Crystal Ball or Rear-View Mirror? Danish Consumer Expectations
1 Introduction
In macroeconomic theory from the 1960s and 1970s, inflation expectations play a central role (Friedman 1968). In adaptive expectations models, agents form expectations about future inflation partly from past inflation. This matters because expectations can influence wage-setting, price-setting, consumption decisions, and therefore the inflation process itself. Central banks also monitor inflation expectations because well-anchored expectations can make inflation easier to stabilise. For further reading about how real interest rates are affected by inflation expectations, see the Danish National Banks overview (in Danish)
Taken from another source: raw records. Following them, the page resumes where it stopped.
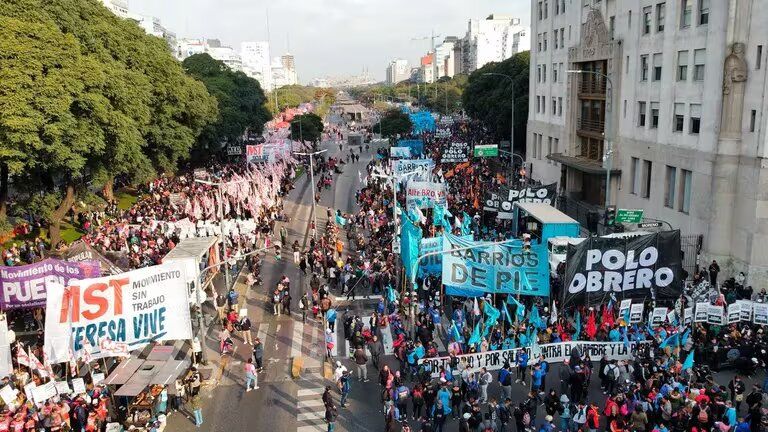 Bullrich lanzó un protocolo anti-piquetes y dará detalles esta tarde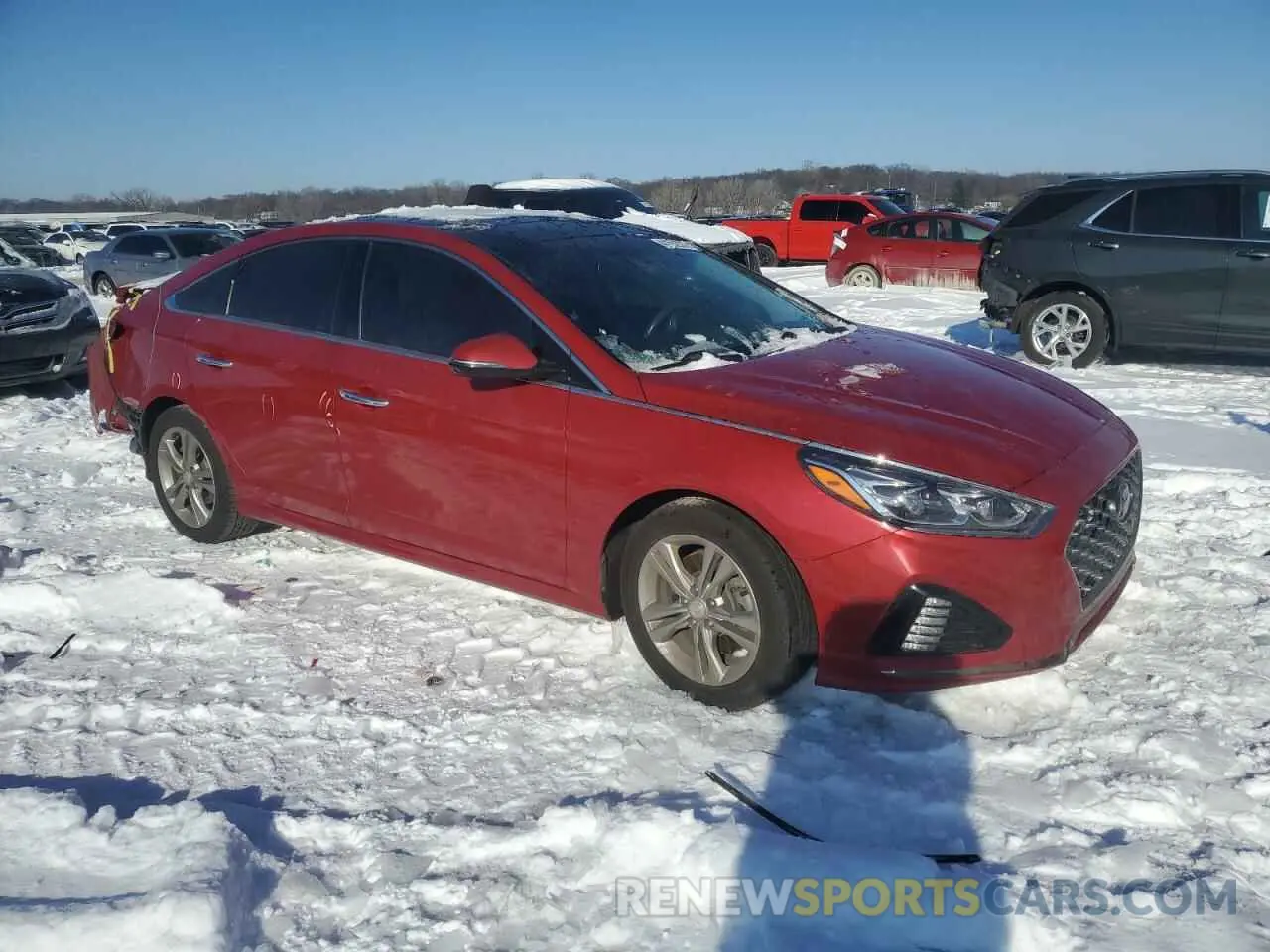 4 Photograph of a damaged car 5NPE34AF0KH776304 HYUNDAI SONATA 2019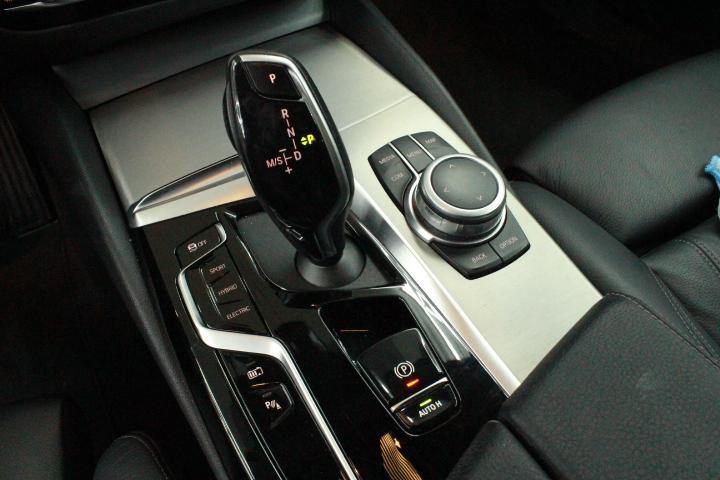 Vehicle Image 18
In this analysis, I use Statistics Denmark’s consumer survey on perceived and expected price developments to study two questions. First, do Danish consumers form expectations adaptively, by linking expected future price developments to recently perceived price increases? Second, are Danish consumers future-predicting prophets and wizards, or do their expectations have limited forecasting power?
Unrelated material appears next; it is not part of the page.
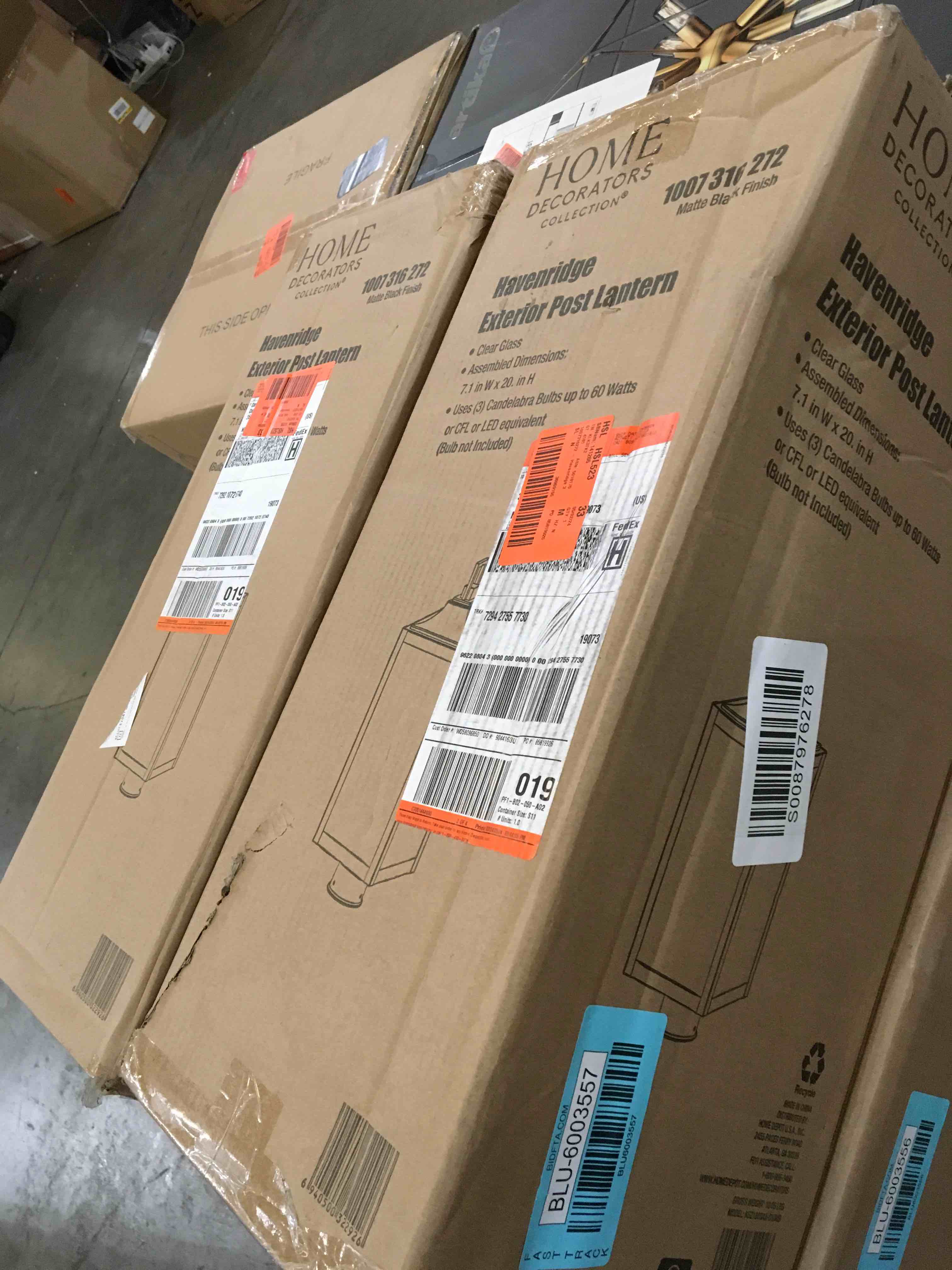 https://s3.amazonaws.com/lotting-images-prod/bidfta/BLU6003556_1715873526710.jpeg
The results suggest a clear “rear-view mirror” pattern. Actual year-over-year CPI inflation is strongly associated with consumers’ perceived price increases, meaning that consumers do register periods of high inflation. Perceived price increases are also positively related to expected future price developments, suggesting some degree of adaptive expectation formation. However, these expectations are a weak and unstable predictor of future inflation. Across several forward-looking horizons, the correlation between expected price developments and later CPI inflation is small, and the relationship remains unclear even when major shock periods such as the financial crisis and the 2021–2023 inflation surge are excluded. Overall, Danish consumers appear better at recognising inflation after it has happened than predicting where inflation is going.
2 Method
This analysis combines Danish consumer survey data with official inflation data from Statistics Denmark between 2001 and 2026. Consumer perceptions and expectations are taken from the FORV1 survey, which asks households how they perceive recent price developments and how they expect prices to develop over the next 12 months. Actual inflation is measured using CPI data from Statistics Denmark and converted into year-over-year inflation rates. The dataset therefore allows a comparison between actual inflation, perceived past price developments, and expected future price developments.
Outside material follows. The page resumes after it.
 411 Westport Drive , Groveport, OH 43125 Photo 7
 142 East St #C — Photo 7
The consumer survey variables are balance indicators, not actual percentage inflation rates. The survey variables are measured on a scale from minus 100 to 100. For perceived past prices, a value of 50 means that consumers on balance report prices as somewhat higher than one year earlier, while −50 means that prices are perceived as roughly unchanged. For expected prices, 50 means that consumers expect prices to rise at about the same pace as currently, while −50 means that they expect prices to remain unchanged. Higher values therefore indicate stronger perceived or expected price pressure, but they should not be interpreted as exact inflation forecasts. Further information can be found here.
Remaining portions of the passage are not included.